A luxury property listed for $13.9 million on a 22-acre island sold on Friday, completing the highest private real estate transaction on Flathead Lake.
Dawn Maddux, the listing agent with Engel & Volkers Western Frontier’s office in Missoula, said the buyer wants to remain anonymous, though she said he has properties around the world.
The final selling price wasn’t publicly disclosed.
“I represented the buyer and the seller, so it was a little difficult and complicated, but it worked out and everyone is happy,” Maddux said Monday morning. “One of the biggest challenges is there’s just not that many buyers. It’s a very limited buyer pool.”
The 22,000-square-foot home has appeared in global real estate brochures, including frequent listings in the Wall Street Journal. The residence is spread across three levels accessed by an elevator, while the great room offers 45-foot ceilings.
The home includes eight bathrooms, a copper conservatory, an observatory with views of Flathead Lake, and an office lined with mahogany, among other luxury amenities.
“It definitely took the right buyer who appreciated the level of quality, the finishes and construction,” Maddux said. “It was on the market with me coming up on three years. That was with this seller.”
A year ago, the property was listed for $22.7 million and its sale completes one of the highest private real estate transactions in western Montana in recent times – and the highest ever on Flathead Lake.
Maddux is also the listing agent for the $27.5 million Hampton Trail home in Hamilton and the $13.9 million Bearmouth Legacy Ranch.

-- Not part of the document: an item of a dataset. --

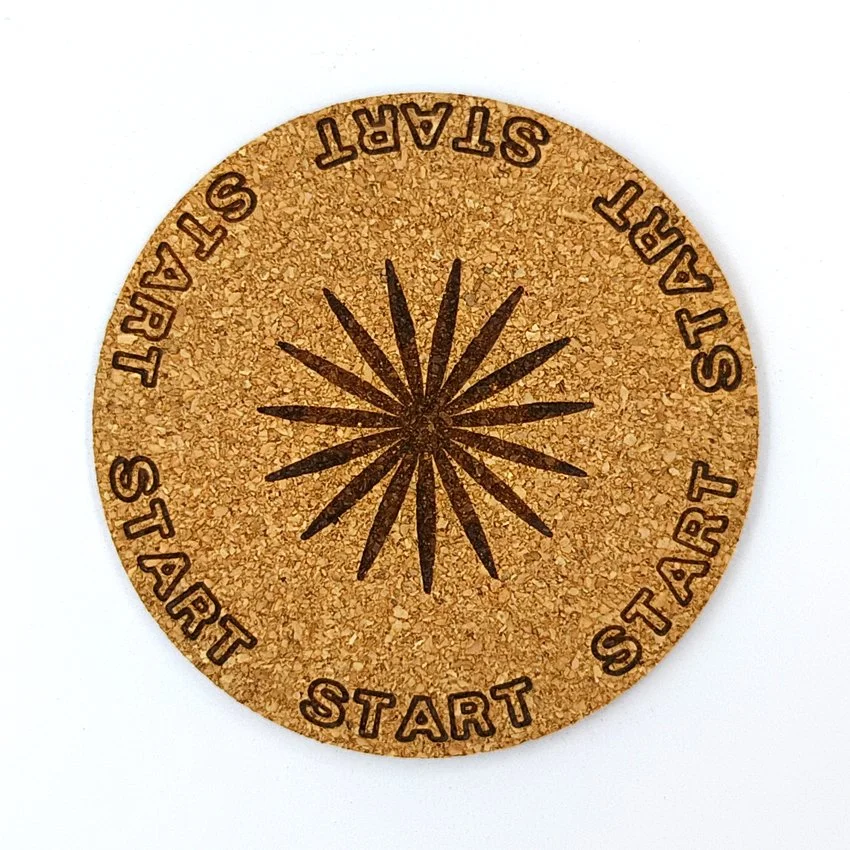 3020224589 START.jpg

She’s also the agent for Marshall Mountain, a former ski hill and lodge currently listed for $2.5 million on Marshall Canyon Road outside Missoula.
“I’ve always focused on the luxury sector of the market,” Maddux said. “I knew getting in that I had to go find buyers. The days of putting it on the (Multiple Listing Service) and waiting for people to call are over.”
Maddux, who worked at Glacier Sotheby’s prior to opening Engel & Völkers Western Frontier last year, said that while selling a multimillion dollar home in Montana takes time, the properties are beginning to move.
But selling luxury homes priced valued at tens of millions of dollars, such as Flathead’s Shelter Island, can be unsettling. Doing so doesn’t come cheap, given the high-end marketing that’s required and the need to reach a global audience.
“I probably spent over $50,000 marketing this property,” Maddux said. “It’s a big risk when you take them. You could spend $50,000 and lose the listing. But you have to be willing to take that risk and plow forward with confidence.”
Montana remains a nondisclosure state, so the final selling price of its high-end properties isn’t often revealed. Neither are the buyers who make such purchases.
“They just have a really high net worth,” Maddux said of her luxury buyers. “Montana has a special allure. We’re sparsely populated, it’s very private, and our community is very unobtrusive. Even someone famous, when they’re here they don’t get bothered.”